— What is needed —
Repeat the records below exactly, leaving out any pictures.

— Input —
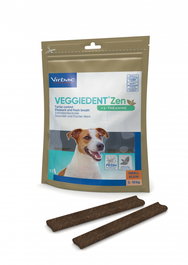 Virbac Veggiedent Zen Dental Sticks para Perros Pequeños (5-10 kg) - 15 Unidades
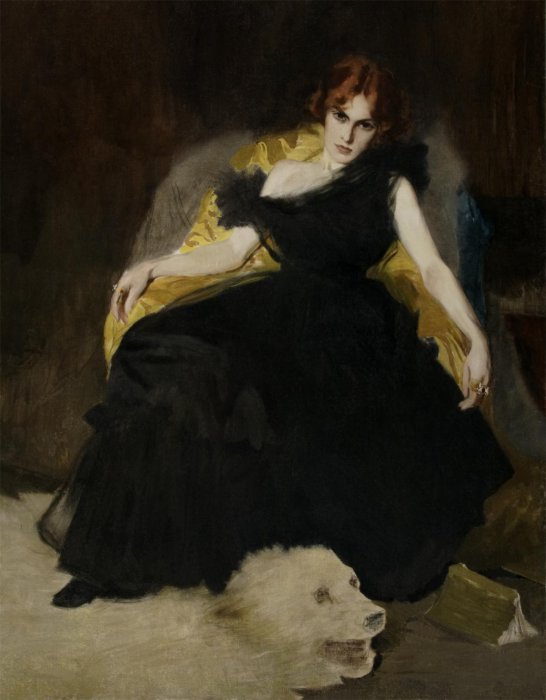 La morfinomane by Vittorio Matteo Corcos,A3(16x12")Poster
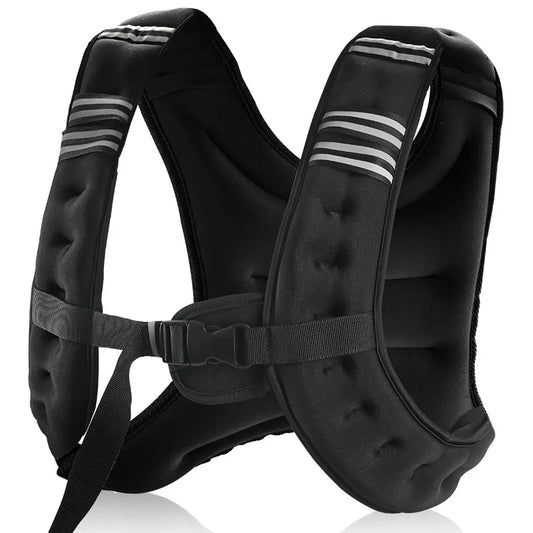 Weight Vest With Reflective Stripe For Cardio And Strength Training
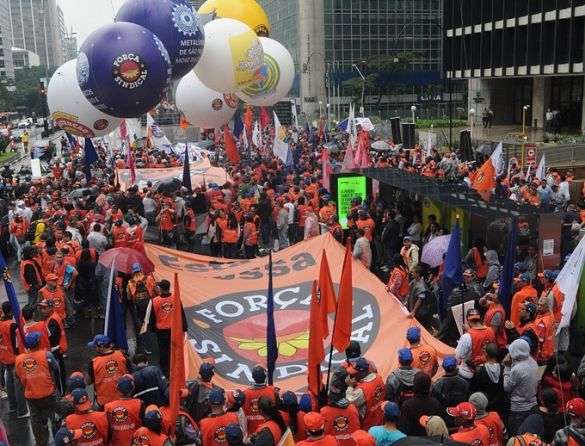 Protesto contra política econômica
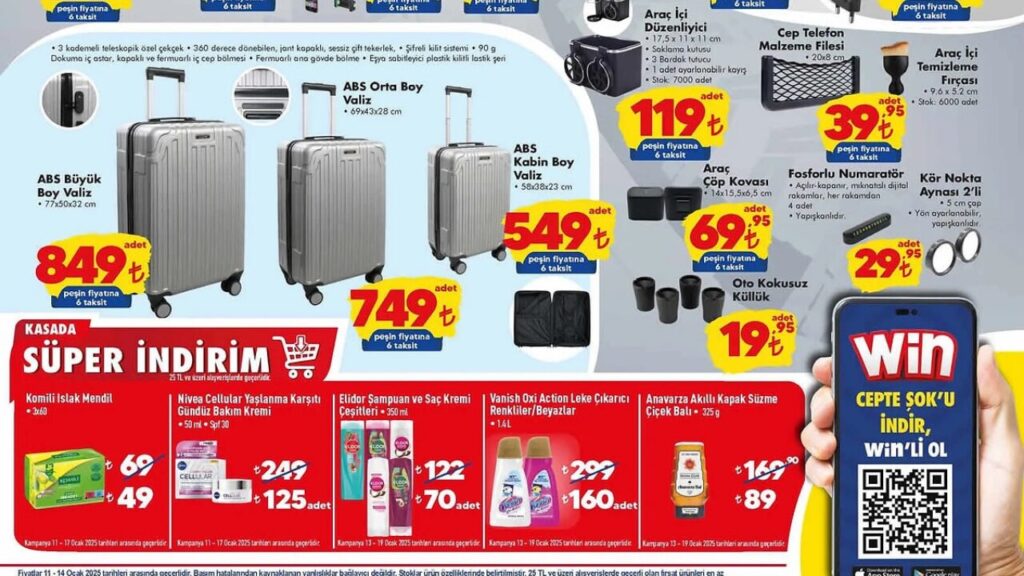 ŞOK’ta Elidor, Nivea ve Komili Ürünlerine İndirim Geliyor! ŞOK 14 Ocak Aktüel Kataloğu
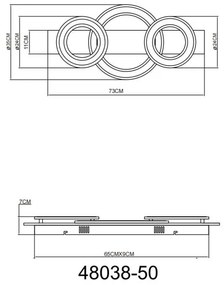 Plafoniera LED design decorativ JAYDEN 50W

— Written answer —
 Virbac Veggiedent Zen Dental Sticks para Perros Pequeños (5-10 kg) - 15 Unidades
 La morfinomane by Vittorio Matteo Corcos,A3(16x12")Poster
 Weight Vest With Reflective Stripe For Cardio And Strength Training
 Protesto contra política econômica
 ŞOK’ta Elidor, Nivea ve Komili Ürünlerine İndirim Geliyor! ŞOK 14 Ocak Aktüel Kataloğu
 Plafoniera LED design decorativ JAYDEN 50W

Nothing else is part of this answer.